- **Data for analysis**:
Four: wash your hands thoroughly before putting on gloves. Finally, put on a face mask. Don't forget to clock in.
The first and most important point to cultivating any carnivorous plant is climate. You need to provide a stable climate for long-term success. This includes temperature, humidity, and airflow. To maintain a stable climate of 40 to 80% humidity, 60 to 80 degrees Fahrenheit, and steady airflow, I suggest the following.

---

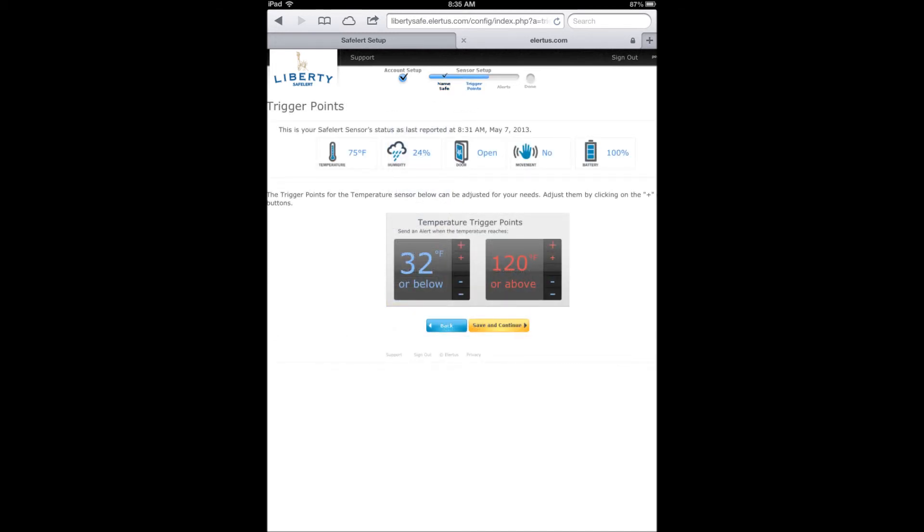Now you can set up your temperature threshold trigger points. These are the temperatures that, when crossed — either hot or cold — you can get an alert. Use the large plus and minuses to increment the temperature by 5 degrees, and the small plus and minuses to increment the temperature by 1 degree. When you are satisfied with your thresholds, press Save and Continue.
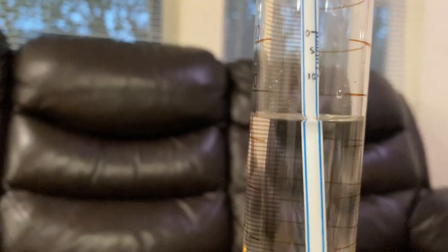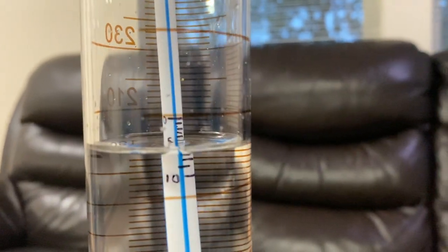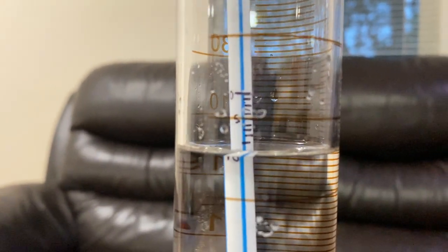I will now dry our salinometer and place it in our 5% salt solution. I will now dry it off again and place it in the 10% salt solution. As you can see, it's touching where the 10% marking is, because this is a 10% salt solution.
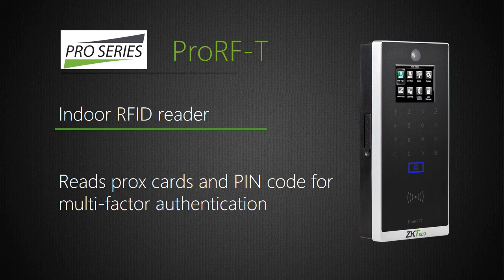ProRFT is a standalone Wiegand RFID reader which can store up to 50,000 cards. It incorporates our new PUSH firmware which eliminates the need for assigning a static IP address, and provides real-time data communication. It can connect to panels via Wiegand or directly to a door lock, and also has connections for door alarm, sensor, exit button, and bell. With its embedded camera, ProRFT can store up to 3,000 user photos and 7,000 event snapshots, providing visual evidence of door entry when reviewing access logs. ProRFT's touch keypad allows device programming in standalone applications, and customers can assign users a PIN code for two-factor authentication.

- **What you are asked to do**:
With the pictures omitted, copy the entries above exactly from the line containing "Now you can" through the line containing "ProRFT is a", both lines included.

- **Answer for the task**:
Now you can set up your temperature threshold trigger points. These are the temperatures that, when crossed — either hot or cold — you can get an alert. Use the large plus and minuses to increment the temperature by 5 degrees, and the small plus and minuses to increment the temperature by 1 degree. When you are satisfied with your thresholds, press Save and Continue.
I will now dry our salinometer and place it in our 5% salt solution. I will now dry it off again and place it in the 10% salt solution. As you can see, it's touching where the 10% marking is, because this is a 10% salt solution.
ProRFT is a standalone Wiegand RFID reader which can store up to 50,000 cards. It incorporates our new PUSH firmware which eliminates the need for assigning a static IP address, and provides real-time data communication. It can connect to panels via Wiegand or directly to a door lock, and also has connections for door alarm, sensor, exit button, and bell. With its embedded camera, ProRFT can store up to 3,000 user photos and 7,000 event snapshots, providing visual evidence of door entry when reviewing access logs. ProRFT's touch keypad allows device programming in standalone applications, and customers can assign users a PIN code for two-factor authentication.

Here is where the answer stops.